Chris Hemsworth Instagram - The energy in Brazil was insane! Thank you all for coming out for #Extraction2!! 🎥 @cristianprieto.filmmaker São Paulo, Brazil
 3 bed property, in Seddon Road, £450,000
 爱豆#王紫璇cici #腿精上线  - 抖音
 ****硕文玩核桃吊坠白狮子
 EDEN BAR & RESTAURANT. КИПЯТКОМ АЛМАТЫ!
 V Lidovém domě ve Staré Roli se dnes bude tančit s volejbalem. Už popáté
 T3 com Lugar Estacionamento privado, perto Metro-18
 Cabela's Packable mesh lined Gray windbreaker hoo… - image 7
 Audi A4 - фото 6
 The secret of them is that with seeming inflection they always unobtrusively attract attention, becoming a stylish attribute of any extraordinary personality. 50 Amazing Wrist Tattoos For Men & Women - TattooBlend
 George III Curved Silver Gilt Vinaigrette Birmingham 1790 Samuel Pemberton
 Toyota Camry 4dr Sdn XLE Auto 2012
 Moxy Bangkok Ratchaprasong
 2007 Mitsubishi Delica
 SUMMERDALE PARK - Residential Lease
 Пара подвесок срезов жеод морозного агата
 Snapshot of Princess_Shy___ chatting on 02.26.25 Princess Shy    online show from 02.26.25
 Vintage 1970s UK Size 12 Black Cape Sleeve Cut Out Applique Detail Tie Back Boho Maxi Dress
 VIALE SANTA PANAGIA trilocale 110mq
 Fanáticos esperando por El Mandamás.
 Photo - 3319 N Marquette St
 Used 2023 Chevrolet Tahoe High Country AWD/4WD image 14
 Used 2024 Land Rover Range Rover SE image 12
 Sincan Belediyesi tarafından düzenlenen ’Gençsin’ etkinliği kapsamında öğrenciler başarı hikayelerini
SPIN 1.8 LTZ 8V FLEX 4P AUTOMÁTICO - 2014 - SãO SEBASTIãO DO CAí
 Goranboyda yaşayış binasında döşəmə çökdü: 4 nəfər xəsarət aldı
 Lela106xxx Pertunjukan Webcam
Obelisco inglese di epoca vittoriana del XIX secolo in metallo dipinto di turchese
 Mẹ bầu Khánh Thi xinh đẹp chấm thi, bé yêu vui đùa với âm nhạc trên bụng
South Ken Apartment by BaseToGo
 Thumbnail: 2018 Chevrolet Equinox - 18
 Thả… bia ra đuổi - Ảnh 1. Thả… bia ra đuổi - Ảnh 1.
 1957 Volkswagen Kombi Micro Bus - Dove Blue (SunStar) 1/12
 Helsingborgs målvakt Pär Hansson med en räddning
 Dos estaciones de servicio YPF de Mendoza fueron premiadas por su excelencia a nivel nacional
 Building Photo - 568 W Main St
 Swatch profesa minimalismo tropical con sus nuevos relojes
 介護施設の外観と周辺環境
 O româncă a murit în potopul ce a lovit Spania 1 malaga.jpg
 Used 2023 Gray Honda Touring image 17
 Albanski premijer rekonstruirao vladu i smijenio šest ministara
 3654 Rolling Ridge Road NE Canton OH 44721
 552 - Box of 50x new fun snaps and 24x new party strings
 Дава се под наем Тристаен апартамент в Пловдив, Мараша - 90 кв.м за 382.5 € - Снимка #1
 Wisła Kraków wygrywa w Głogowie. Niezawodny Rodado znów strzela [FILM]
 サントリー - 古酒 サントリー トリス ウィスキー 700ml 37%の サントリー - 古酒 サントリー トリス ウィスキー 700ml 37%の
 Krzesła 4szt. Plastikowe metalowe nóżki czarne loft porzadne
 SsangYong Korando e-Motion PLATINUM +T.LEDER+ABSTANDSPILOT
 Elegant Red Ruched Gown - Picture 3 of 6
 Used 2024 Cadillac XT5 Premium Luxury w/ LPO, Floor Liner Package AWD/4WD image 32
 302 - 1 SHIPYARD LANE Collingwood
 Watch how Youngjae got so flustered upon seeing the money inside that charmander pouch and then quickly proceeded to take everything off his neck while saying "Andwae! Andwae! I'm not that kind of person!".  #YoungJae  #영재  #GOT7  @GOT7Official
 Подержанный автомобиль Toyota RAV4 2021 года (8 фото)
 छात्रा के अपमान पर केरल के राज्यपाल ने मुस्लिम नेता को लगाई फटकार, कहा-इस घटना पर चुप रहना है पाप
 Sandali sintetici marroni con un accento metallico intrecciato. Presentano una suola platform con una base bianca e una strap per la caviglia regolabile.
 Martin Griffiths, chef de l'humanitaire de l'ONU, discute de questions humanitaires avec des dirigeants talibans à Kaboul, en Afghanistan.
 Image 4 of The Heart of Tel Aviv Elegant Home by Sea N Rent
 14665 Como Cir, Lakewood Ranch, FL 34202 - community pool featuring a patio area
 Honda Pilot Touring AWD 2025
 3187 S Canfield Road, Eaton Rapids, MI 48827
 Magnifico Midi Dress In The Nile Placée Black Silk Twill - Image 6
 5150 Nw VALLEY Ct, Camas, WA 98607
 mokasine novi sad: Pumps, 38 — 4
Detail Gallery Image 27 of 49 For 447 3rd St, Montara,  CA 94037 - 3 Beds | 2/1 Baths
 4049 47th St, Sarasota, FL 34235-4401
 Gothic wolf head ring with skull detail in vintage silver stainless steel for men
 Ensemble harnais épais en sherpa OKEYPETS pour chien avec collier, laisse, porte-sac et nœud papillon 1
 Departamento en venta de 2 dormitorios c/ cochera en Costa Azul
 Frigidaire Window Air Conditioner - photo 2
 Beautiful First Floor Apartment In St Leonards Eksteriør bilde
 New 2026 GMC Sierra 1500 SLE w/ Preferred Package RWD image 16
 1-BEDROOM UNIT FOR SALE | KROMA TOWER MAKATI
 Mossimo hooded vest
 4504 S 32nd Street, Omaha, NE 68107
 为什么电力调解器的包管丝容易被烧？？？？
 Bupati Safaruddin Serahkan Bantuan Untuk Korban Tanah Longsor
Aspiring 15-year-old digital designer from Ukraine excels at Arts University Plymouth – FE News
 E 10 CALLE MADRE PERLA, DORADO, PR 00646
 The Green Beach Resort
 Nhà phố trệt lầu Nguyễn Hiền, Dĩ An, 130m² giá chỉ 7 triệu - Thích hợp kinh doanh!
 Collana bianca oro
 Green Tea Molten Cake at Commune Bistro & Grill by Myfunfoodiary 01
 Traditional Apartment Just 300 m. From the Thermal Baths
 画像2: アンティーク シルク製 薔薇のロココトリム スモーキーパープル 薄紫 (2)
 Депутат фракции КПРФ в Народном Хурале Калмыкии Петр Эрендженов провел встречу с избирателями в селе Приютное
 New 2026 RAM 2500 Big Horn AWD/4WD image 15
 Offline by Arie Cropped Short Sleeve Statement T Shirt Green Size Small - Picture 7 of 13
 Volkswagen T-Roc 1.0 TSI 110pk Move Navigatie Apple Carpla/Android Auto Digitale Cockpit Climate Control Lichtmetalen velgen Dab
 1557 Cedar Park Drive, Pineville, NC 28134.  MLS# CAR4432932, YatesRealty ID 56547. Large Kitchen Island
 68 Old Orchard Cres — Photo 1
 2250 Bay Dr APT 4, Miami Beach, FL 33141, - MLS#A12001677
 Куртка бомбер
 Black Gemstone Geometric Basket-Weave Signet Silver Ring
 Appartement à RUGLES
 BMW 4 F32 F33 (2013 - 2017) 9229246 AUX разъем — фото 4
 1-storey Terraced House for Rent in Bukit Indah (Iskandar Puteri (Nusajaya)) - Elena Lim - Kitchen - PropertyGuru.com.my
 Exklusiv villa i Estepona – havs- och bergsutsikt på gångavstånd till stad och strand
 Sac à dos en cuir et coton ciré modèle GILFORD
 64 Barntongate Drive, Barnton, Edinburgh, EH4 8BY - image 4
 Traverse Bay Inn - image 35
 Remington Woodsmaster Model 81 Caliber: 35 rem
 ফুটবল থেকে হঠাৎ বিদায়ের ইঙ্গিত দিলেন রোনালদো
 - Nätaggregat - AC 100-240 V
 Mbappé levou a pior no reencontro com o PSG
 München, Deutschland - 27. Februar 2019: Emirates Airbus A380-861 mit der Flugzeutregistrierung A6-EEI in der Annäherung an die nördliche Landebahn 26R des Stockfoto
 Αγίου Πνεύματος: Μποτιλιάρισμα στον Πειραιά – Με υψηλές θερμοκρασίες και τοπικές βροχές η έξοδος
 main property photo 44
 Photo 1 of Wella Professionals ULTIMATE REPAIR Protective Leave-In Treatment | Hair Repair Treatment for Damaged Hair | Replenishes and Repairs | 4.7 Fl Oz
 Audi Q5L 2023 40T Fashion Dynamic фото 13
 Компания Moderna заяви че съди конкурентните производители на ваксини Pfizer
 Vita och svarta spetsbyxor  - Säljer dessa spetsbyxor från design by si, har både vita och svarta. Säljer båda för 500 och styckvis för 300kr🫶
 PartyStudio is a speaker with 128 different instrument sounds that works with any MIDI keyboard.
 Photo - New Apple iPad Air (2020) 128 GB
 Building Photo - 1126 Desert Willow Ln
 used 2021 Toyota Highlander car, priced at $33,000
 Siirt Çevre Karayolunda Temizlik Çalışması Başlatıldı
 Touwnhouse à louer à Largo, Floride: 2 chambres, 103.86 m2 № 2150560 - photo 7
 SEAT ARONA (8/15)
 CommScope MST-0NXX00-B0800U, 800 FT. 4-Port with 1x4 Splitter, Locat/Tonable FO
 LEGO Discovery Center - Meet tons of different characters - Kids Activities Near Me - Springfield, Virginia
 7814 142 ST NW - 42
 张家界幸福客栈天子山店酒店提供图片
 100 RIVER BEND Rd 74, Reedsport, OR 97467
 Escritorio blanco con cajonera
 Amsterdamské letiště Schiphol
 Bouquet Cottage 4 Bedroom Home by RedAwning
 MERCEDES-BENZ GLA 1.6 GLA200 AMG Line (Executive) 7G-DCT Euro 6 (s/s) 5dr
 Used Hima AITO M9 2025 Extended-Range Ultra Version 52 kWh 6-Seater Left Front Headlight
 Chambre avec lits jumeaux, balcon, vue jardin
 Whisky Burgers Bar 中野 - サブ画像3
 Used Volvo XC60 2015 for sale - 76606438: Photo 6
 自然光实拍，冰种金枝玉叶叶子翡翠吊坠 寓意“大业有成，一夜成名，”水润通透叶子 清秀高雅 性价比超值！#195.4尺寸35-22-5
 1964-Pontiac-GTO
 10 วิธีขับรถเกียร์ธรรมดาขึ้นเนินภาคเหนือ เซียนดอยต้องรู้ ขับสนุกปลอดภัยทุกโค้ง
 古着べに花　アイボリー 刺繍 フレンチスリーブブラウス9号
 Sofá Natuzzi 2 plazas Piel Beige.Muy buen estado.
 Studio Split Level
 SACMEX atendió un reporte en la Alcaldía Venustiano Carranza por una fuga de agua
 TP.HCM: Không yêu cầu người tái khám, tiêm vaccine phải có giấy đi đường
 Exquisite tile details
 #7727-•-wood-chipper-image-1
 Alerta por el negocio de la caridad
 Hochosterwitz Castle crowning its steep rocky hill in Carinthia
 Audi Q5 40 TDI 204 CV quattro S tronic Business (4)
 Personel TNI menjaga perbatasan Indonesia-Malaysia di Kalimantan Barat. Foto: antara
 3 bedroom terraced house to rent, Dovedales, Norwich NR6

____

**What the task requires:** Identify the lines of the entries containing the string "Floor". Copy each such line.

**Answer space:**
 Used 2024 Cadillac XT5 Premium Luxury w/ LPO, Floor Liner Package AWD/4WD image 32
 Beautiful First Floor Apartment In St Leonards Eksteriør bilde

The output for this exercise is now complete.